__SOURCE MATERIAL__.
━━━━━━
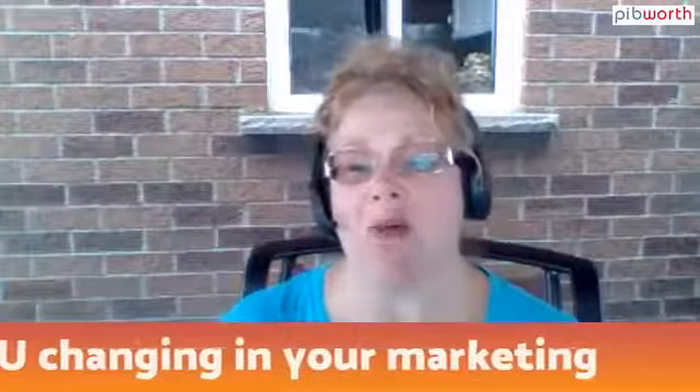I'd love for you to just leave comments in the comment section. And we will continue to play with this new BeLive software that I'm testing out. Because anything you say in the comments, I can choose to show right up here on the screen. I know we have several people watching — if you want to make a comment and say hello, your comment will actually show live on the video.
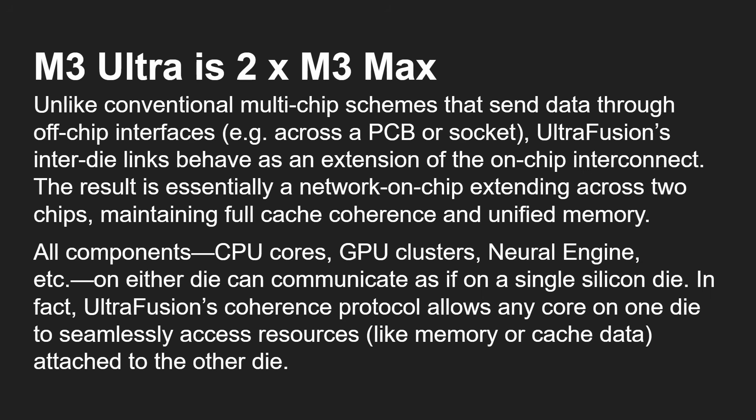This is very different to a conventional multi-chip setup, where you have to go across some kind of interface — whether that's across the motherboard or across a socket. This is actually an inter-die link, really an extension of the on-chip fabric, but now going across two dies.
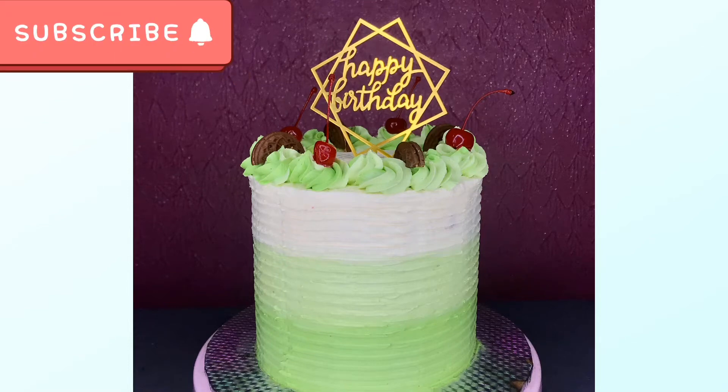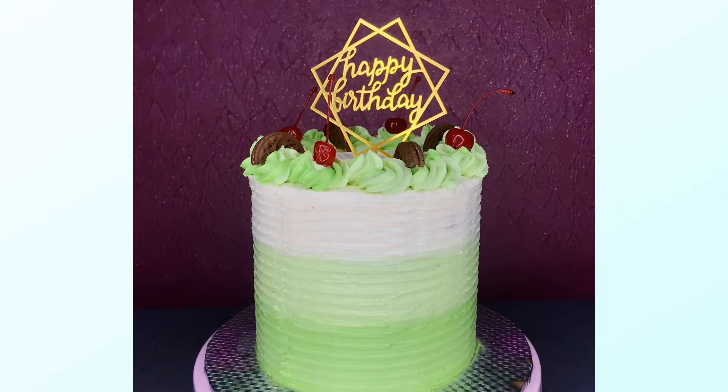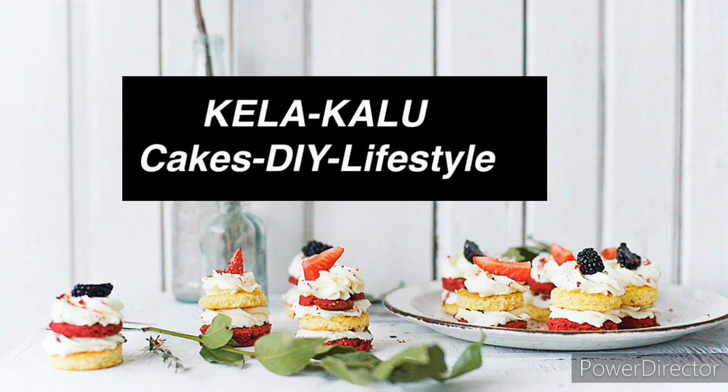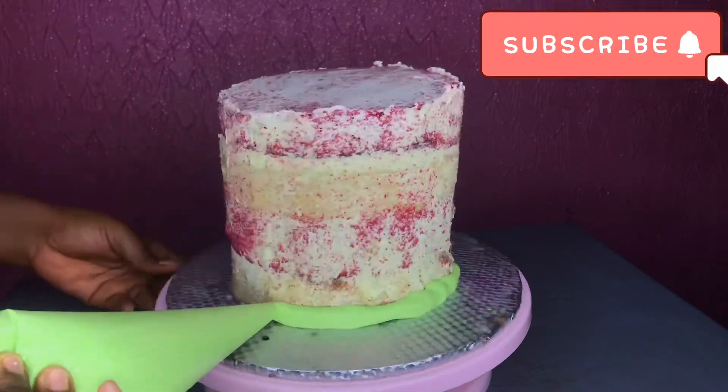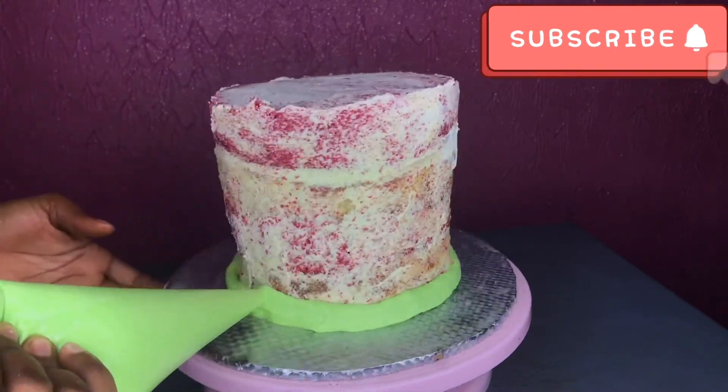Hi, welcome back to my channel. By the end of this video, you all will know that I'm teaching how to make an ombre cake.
━━━━━━
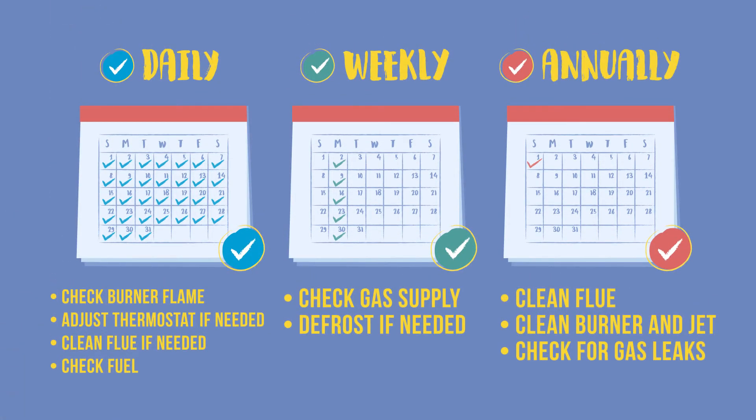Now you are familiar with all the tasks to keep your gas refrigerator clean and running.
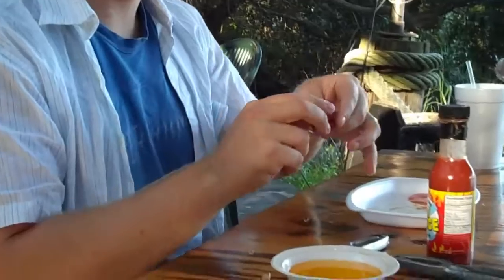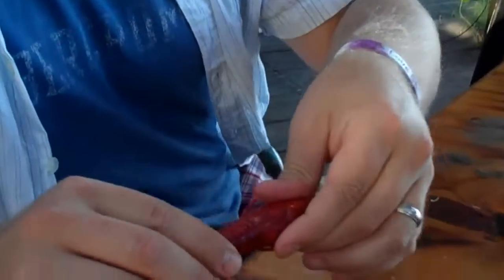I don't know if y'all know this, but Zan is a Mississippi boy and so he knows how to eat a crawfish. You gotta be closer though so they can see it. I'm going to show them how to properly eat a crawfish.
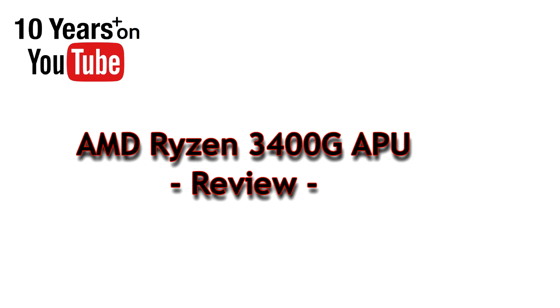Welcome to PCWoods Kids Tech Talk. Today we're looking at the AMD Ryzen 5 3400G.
━━━━━━
__TASK DETAILS__.
Copy only these lines from the records above, exactly: the one with "I'd love for", the one with "Hi, welcome back", and those between. Skip the pictures.

__OUTPUT FOR THIS TASK__.
I'd love for you to just leave comments in the comment section. And we will continue to play with this new BeLive software that I'm testing out. Because anything you say in the comments, I can choose to show right up here on the screen. I know we have several people watching — if you want to make a comment and say hello, your comment will actually show live on the video.
This is very different to a conventional multi-chip setup, where you have to go across some kind of interface — whether that's across the motherboard or across a socket. This is actually an inter-die link, really an extension of the on-chip fabric, but now going across two dies.
Hi, welcome back to my channel. By the end of this video, you all will know that I'm teaching how to make an ombre cake.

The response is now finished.